We’re not quite sure who it was that first decided the automobile could serve not just as a ho-hum means of transportation, but as an exciting, impassioned work of sculpture. Who knows? Maybe the idea is as old as the horseless carriage itself.
At any rate, whoever it was, we would like to shake their hand; without that person – or those persons – we wouldn’t have singularly daring, captivating carriages like this one: the 2006 Lamborghini Concept S.
The Lamborghini Concept S was drafted as a wild, exaggerated take on an open-top Gallardo, and is the handiwork of a team led by former Lamborghini Head Designer Luc Donckerwolke. It rolled out onto the Geneva Motor Show floor in 2005, sans an engine, transmission, and other things typically found in a working car. For obvious reasons, its bonkers styling drew an enormous amount of attention.

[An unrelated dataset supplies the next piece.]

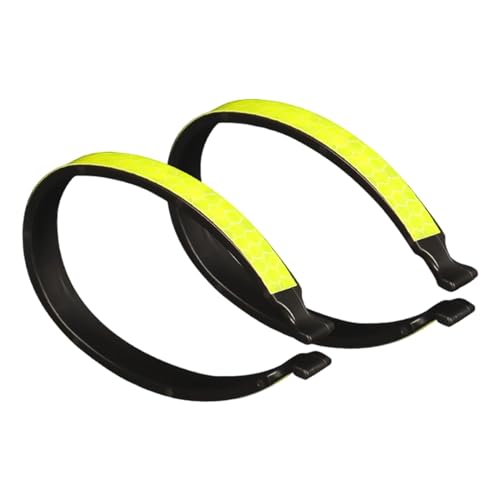 Set 4 Fasce Riflettenti Per Braccio E Gamba Con Pinze Pantaloni In Plastica - Accessorio Di Sicurezza Per Corsa E Ciclismo Notturno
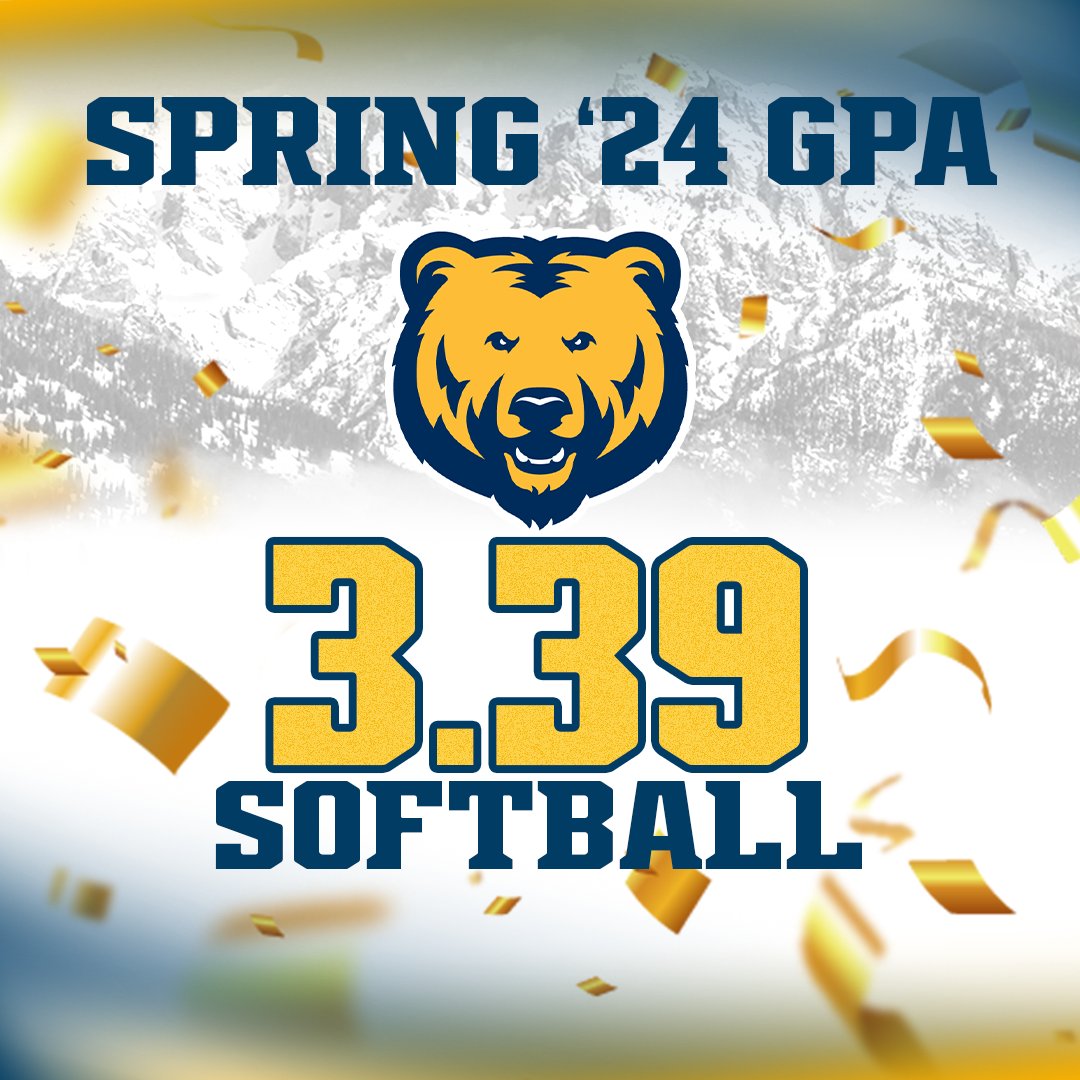 As solid in the classroom as they are on the field, the Bears post a 3.39 team GPA in the spring for their 4th-straight at 3.3+! #GetUpGreeley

The Lamborghini Concept S example seen here is the functional model made some time after Geneva to further gauge public interest, but while love for the design hadn’t diminished, the car was never built on account of prohibitively high anticipated production costs.
Come November, this (literally) singular car will be sold at an RM Auction event in New York. It’s street-legal, fully functional, and has a mere 180 km (112 mi) on the odometer. Chances are, the supreme Lamborghini Concept S will command no less supreme a price at auction, but think of it this way; if you don’t buy it, when could you ever acquire another?